**REQUIRED ACTION:** If a line in the entries below includes "Gold", pick it out and copy it.

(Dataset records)
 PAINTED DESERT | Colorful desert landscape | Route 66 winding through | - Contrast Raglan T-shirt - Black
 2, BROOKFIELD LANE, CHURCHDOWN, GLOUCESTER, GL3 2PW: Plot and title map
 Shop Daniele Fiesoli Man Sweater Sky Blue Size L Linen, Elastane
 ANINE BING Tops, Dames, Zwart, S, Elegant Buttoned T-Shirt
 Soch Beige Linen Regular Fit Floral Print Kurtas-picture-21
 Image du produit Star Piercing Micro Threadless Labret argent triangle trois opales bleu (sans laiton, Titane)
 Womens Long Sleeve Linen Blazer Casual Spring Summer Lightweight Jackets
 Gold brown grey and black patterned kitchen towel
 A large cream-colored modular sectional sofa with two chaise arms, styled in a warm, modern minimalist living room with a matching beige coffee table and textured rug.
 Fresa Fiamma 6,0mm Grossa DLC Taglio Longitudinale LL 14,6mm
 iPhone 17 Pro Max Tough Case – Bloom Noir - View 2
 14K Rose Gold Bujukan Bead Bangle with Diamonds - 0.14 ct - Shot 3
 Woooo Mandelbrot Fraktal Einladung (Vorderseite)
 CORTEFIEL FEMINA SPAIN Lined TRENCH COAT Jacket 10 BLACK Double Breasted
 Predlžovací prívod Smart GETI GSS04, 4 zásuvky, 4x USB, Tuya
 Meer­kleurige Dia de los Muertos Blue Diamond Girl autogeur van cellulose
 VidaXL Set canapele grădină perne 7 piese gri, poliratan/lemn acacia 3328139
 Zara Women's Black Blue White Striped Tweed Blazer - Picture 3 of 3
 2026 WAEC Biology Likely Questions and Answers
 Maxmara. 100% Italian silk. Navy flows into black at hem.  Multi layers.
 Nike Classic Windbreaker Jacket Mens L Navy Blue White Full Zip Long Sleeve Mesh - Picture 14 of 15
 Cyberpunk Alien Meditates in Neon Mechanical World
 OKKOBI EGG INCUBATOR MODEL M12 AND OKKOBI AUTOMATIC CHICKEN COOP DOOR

**TASK RESPONSE:**
 Gold brown grey and black patterned kitchen towel
 14K Rose Gold Bujukan Bead Bangle with Diamonds - 0.14 ct - Shot 3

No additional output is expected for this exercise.